2010-02-27 10:23:14 | 映画
 アラン・コルノー監督の新作『マルセイユの決着』を見た。2時間半以上の大作である。昨年ひっそりと劇場でも公開された。こういうフイルムノワールは昔盛んに日本でも公開されていたが、今はもう誰も見向きもしない。映画は悪くはない。だが、わざわざ今こういう映画を観なくてもいいだろ、と僕でも思う。ジャン=ピエール・メルヴィルの『ギャング』(66)のリメイク。こういう映画をフランスは今もせっせと作っているのか。しかもそれなりに大作だ。(DVDパッケージには製作費40億円! とか書いてある)

 主人公は例によってダニエル・オートゥイユが演じる。フランスには彼しかこういう映画を任せれる人はいないのだろうか。テンポはあまりよくないから、少し退屈する。だが、最後までなんとか飽きずに見ることは出来た。時代錯誤のギャングの生きざまを60年代を背景にして描かれていく。なんでもない映画だ。

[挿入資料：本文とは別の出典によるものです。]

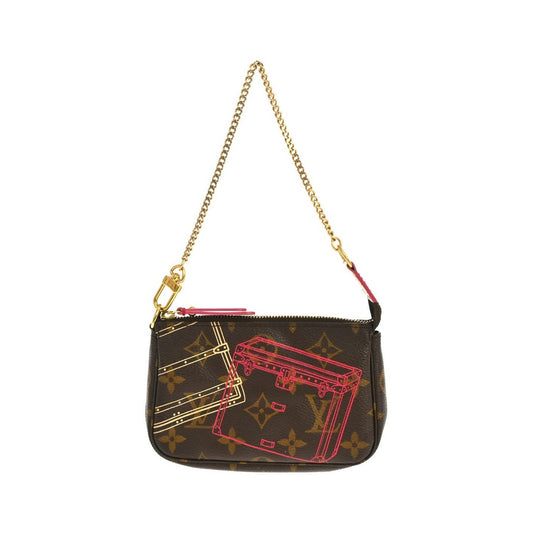 Louis Vuitton Mini Pochette Limited, Brown, Canvas, Clutch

 そして、今日はこの『3時10分、決断のとき』を見た。こちらは同じように時代錯誤の西部劇。なぜこういう映画が作られるのか、よくわからない。もちろんこちらも悪い映画ではない。それどころか、かなり感動させられる。正直言うと見てよかった。だから、こうしてここに書いている。

 これは1957年に公開された西部劇『決断の3時10分』のリメイクらしい。同じだ。日本人が時々時代劇を欲するように、アメリカ人は西部劇を、フランス人はギャング映画を無性に見たくなるのだろうか。だが、そんな映画を日本人はあまり興味を持たない。その結果これらの映画は本国ではそこそこヒットしても日本にまではやってこない、というのが今の現実だろう。僕がこれを見たのは家人が借りてきたからだ。付き合いで見ただけで普通なら、この2本は見ない。(たぶん)僕は基本的に『今』のことにしか興味はない。

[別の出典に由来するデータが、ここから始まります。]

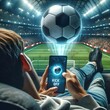 Man Enjoys Live Soccer on Phone with Kick Off Holographic Effect
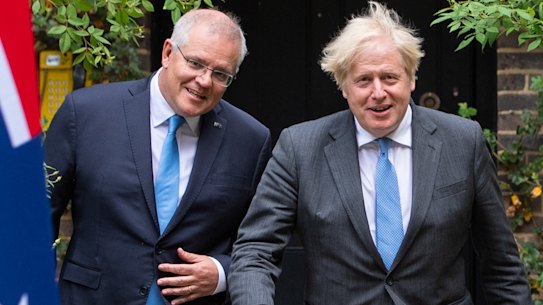 Scott Morrison and Boris Johnson in June this year when they agreed on the broad principles of the Australia-UK free trade agreement.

 とはいえ、付き合いで見ただけの映画にこんなにも心動かされることもある。この映画が日本でもひそかに喜ばれたのもうなずける。アメリカではかなりヒットしたようだ。さもありなん、である。単純な西部劇だ。これがなぜ今作れるのだかは、見終えた後の今も依然よくわからないままだ。だが、この父と息子の絆を描く映画は、西部劇としてではなく、親子関係の物語としても、心に沁みた。僕はそこが気に入ったのだ。しかも、よく出来たクラシック映画である。なのに、単なるノスタルジアには留まらない。そこがいい。

 誇れるものが何もない。自分に自信もない。そんな父(クリスチャン・ベール)が、彼のことを尊敬しきれない息子に対して、自分の誇りを賭けて戦う。息子は必ずしも父をバカになんかしていない。家族を守るために必死になっている父を、これまでもきちんと見ている。どちらかというとコンプレックスを感じているのは父の方なのだ。彼は息子に負い目を感じている。戦争で片足が不自由になり、家族の対して充分な責務を果たし切れていないと思っている。

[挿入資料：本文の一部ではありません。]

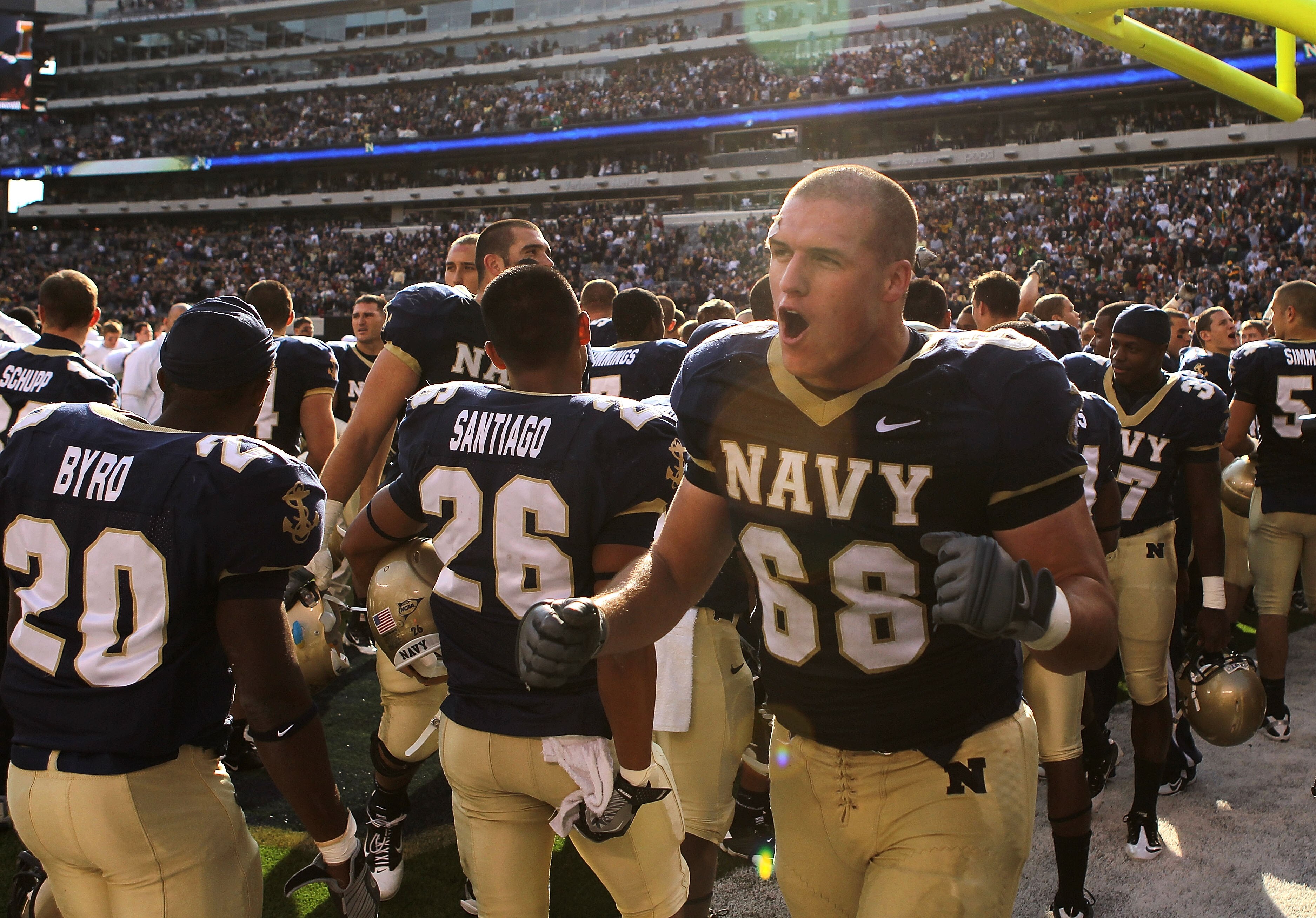 EAST RUTHERFORD, NJ - OCTOBER 23: John Dowd #68 of the Navy Midshipmen celebrates the win after the game against the Notre Dame Fighting Irish at New Meadowlands Stadium on October 23, 2010 in East Rutherford, New Jersey.  (Photo by Nick Laham/Getty Image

 ひょんなことから寡黙な彼は強盗団の主犯である男(ラッセル・クロウ)の護送をすることになる。息子は父と共に行動する。

 派手なアクションもあり見所満載の映画だが、そんなことはどうでもいい。ただ、父親が自分のために息子の前で何が出来るか、その1点だけでこの映画はすばらしい作品となった。主人公の2人がなぜか心を通い合わせてしまうという展開はベタだが、50年前の西部劇が原作なので仕方ない、というか、こういう題材でしか今ではこんな内容や展開の話は描けないのかもしれない。
 
 表向きは派手な西部劇だが、ノスタルジックなこの作品は、僕たちに生きていくための勇気を与えてくれる。見て損はない。